Your goal: In the material below, write out each line word for word and omit the pictures.

Data excerpt:
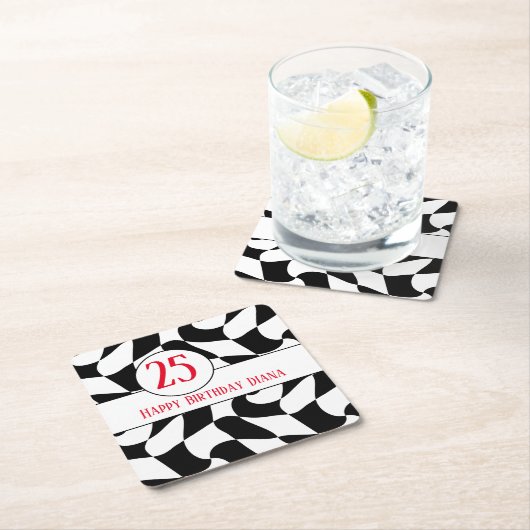 Zwart-wit golvende checker, papieren borden kartonnen onderzetters (Insitu)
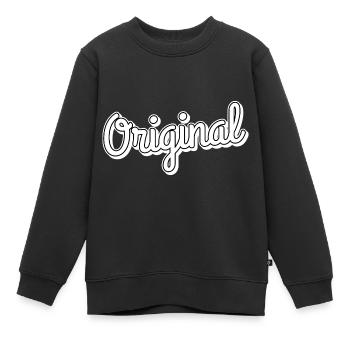 Langue source - Sweat Premium enfant bio - noir - Devant - AI Model Kid Female (0cm)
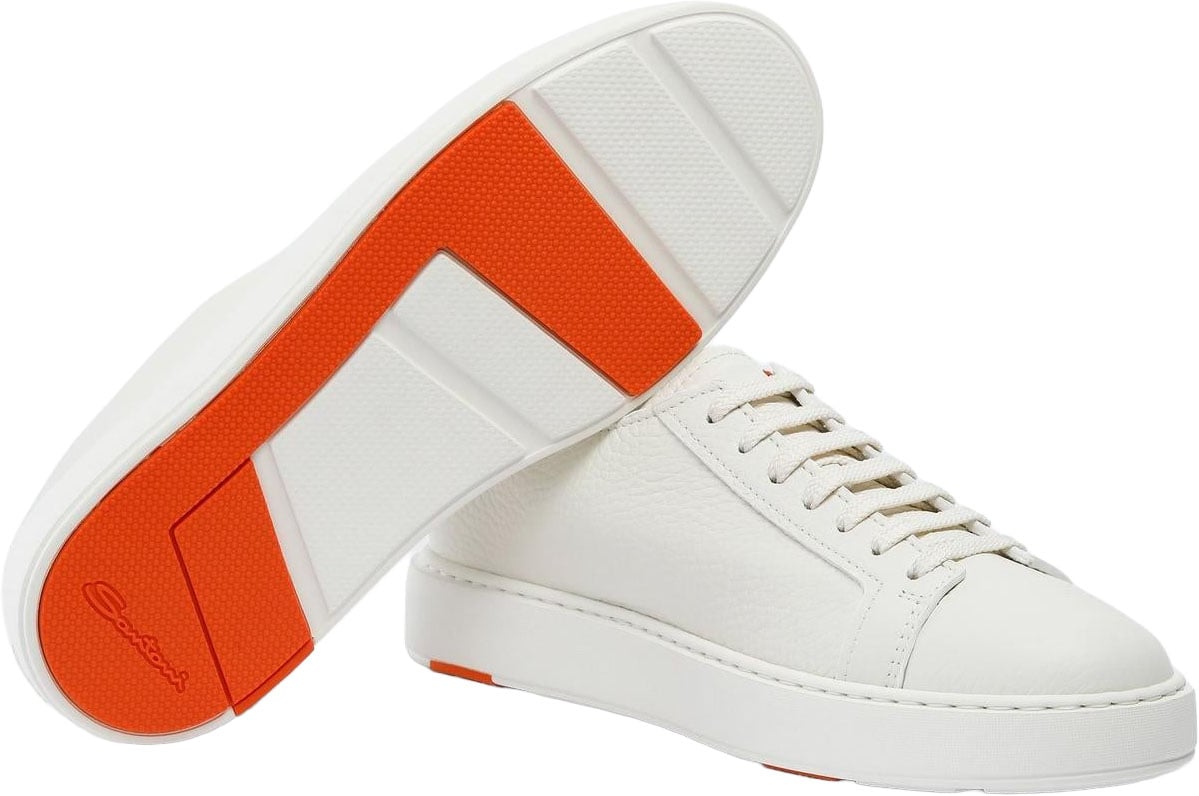 Santoni Heren Biking Sneaker Wit Wit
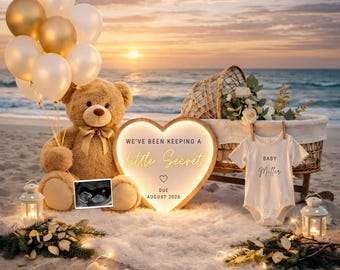 Plantilla de anuncio de embarazo estilo playa bohemia / Revelación de bebé en Canva editable en neutro / Globos planos para exteriores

Worked solution:
 Zwart-wit golvende checker, papieren borden kartonnen onderzetters (Insitu)
 Langue source - Sweat Premium enfant bio - noir - Devant - AI Model Kid Female (0cm)
 Santoni Heren Biking Sneaker Wit Wit
 Plantilla de anuncio de embarazo estilo playa bohemia / Revelación de bebé en Canva editable en neutro / Globos planos para exteriores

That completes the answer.